ABOUT THIS TASK
Every line from the one holding "That's Because I'm" through the last line of the records must be retyped exactly, and no other line or picture may appear in the copy.
┌──
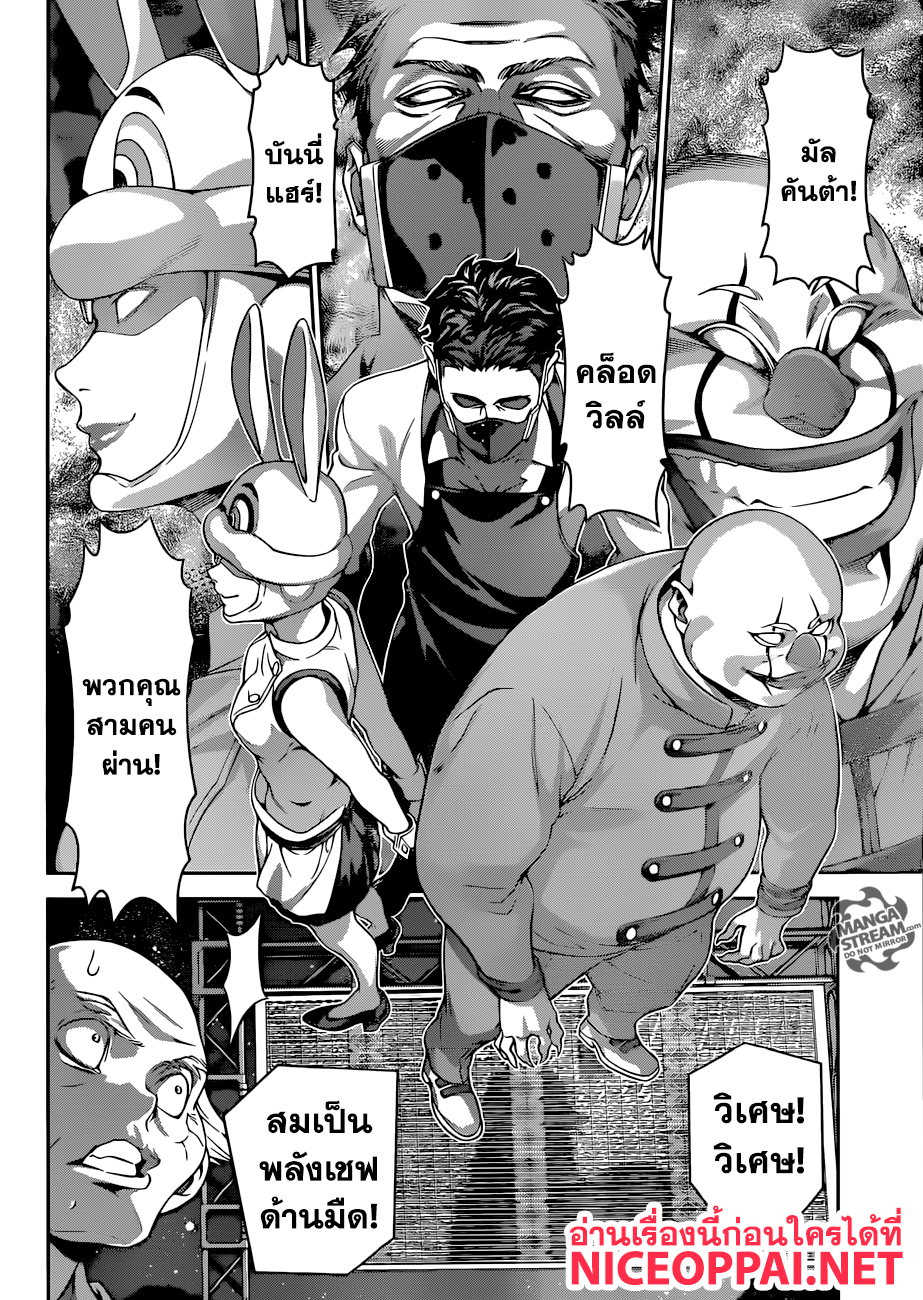 Shokugeki no Soma page 17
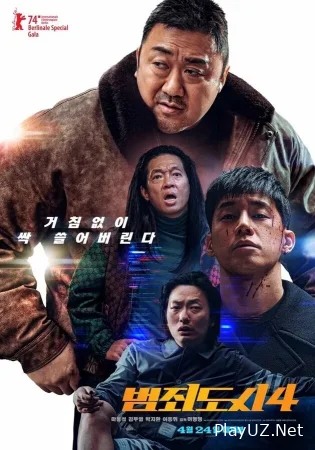 Jinoyat Shahri 4 Uzbek tilida 2024 O'zbekcha tarjima kino 720p HD skachat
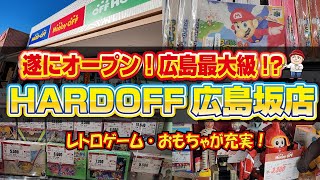 【HARDOFF】レトロゲーム激戦区の広島にハードオフ坂店が誕生オープンから行って来ました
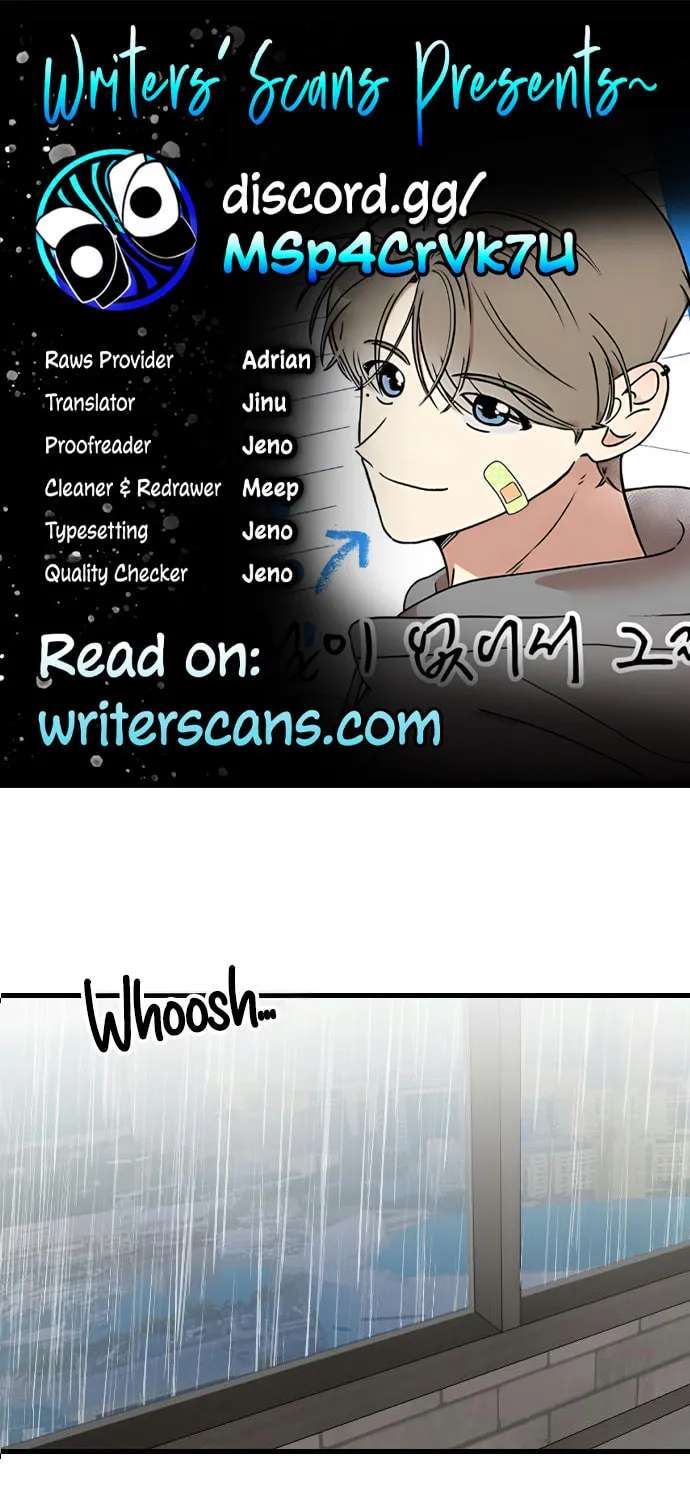 That's Because I'm Not Brave Chapter 3 - page 1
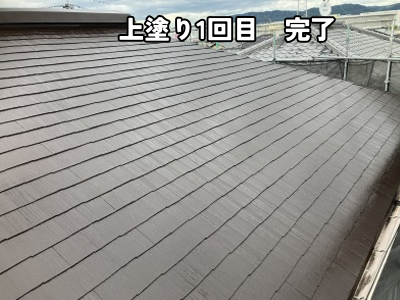 川西町のスレート屋根へ上塗り1回目を施工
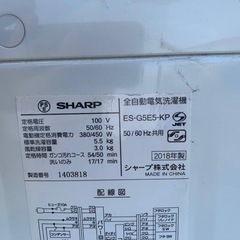 ♦️ SHARP 電気洗濯機【2018年式】ES-G5E5-KP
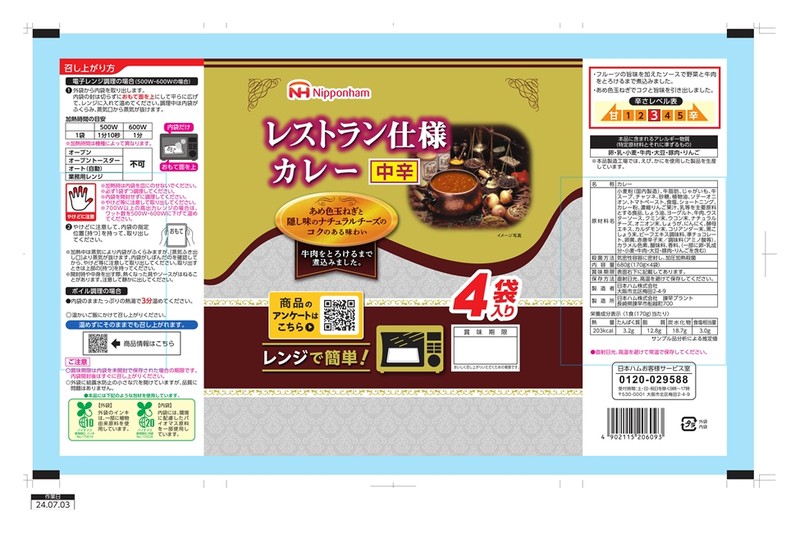 日本ハム レストラン仕様カレー中辛4袋※軽減税率対象商品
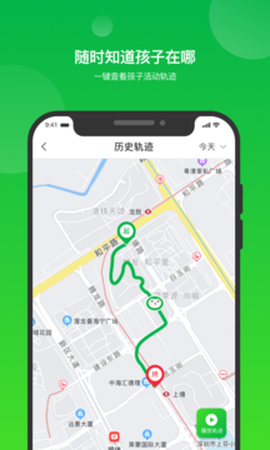 学生宝截图3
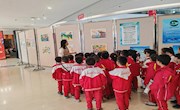“节水在指尖 珍爱驻心间”青少年作品展 在甘肃省图书馆开展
└──
WRITTEN ANSWER
 That's Because I'm Not Brave Chapter 3 - page 1
 川西町のスレート屋根へ上塗り1回目を施工
 ♦️ SHARP 電気洗濯機【2018年式】ES-G5E5-KP
 日本ハム レストラン仕様カレー中辛4袋※軽減税率対象商品
 学生宝截图3
“节水在指尖 珍爱驻心间”青少年作品展 在甘肃省图书馆开展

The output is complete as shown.